古代は現在の日本=日本人、朝鮮=朝鮮人のように分けることができず、倭人朝鮮半島南部にまで居住しており、日本には倭人だけでなく、九州南部には隼人、関東・東北には蝦夷、北海道にはアイヌ、沖縄には流求といった、言語が異なる倭人とは違う種族がいた気がしますね。最終的には倭人同化政策によって全部日本人。半島も新羅が統一するまで、高句麗百済新羅は言語が異なる別種族だったような気がします。

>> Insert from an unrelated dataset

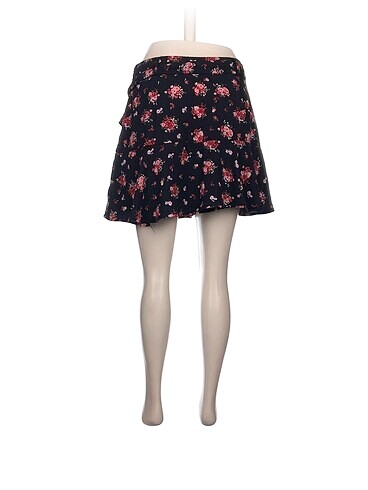 xl Beden Stradivarius Mini Şort %70 İndirimli.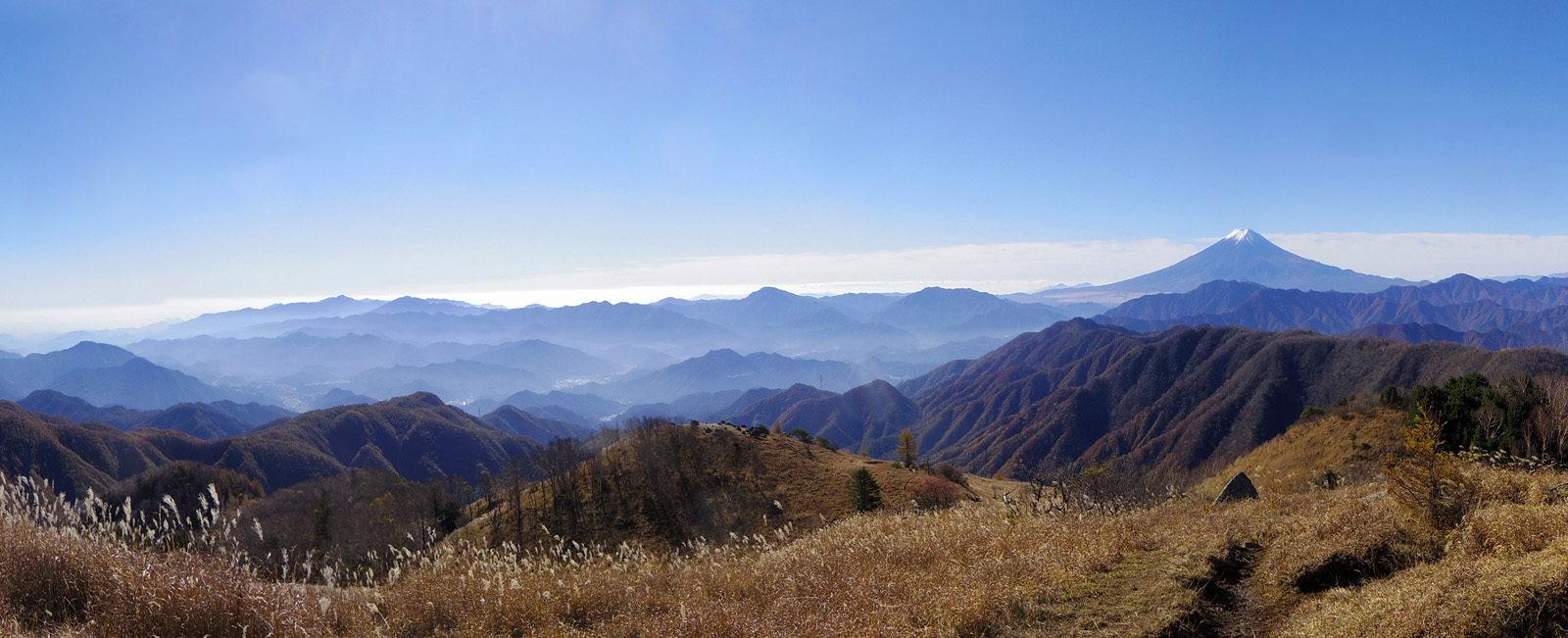 �@���J�ۂ���@�@�x�m�R�̍����̌i�ς��f���炵��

三国志魏志倭人伝宋書は、邪馬台国や古代天皇に興味があったので、これまでにも何度も読んでいますが、宋史・元史・明史は初めて。明史のボリュームが大きく、読みでがありました。倭寇の記事が多く、明の朝廷が悩まされていたことがよくわかります。朝鮮出兵した秀吉については、かなりいい加減です。概略すると、「日本国にはもともと国王がいて、その下に“関白”と称するものがいて、山城州の主で関白だった信長が狩りに出た時、木の下で寝そべっていた男を気に入って召し抱えたのが秀吉。薩摩州人の奴隷出身だった。その後、秀吉は出世し、信長を暗殺した阿奇支(あけち)を討伐し、信長の子・信孝を廃して、自ら関白を僭称した。信長の手勢をすべて配下に収め、66州を征服し、琉球・呂宋・暹羅・仏郎機の諸国を脅かして朝貢させた。朝鮮を滅ぼして併合しようという野心をおこし……」といった調子で〜す。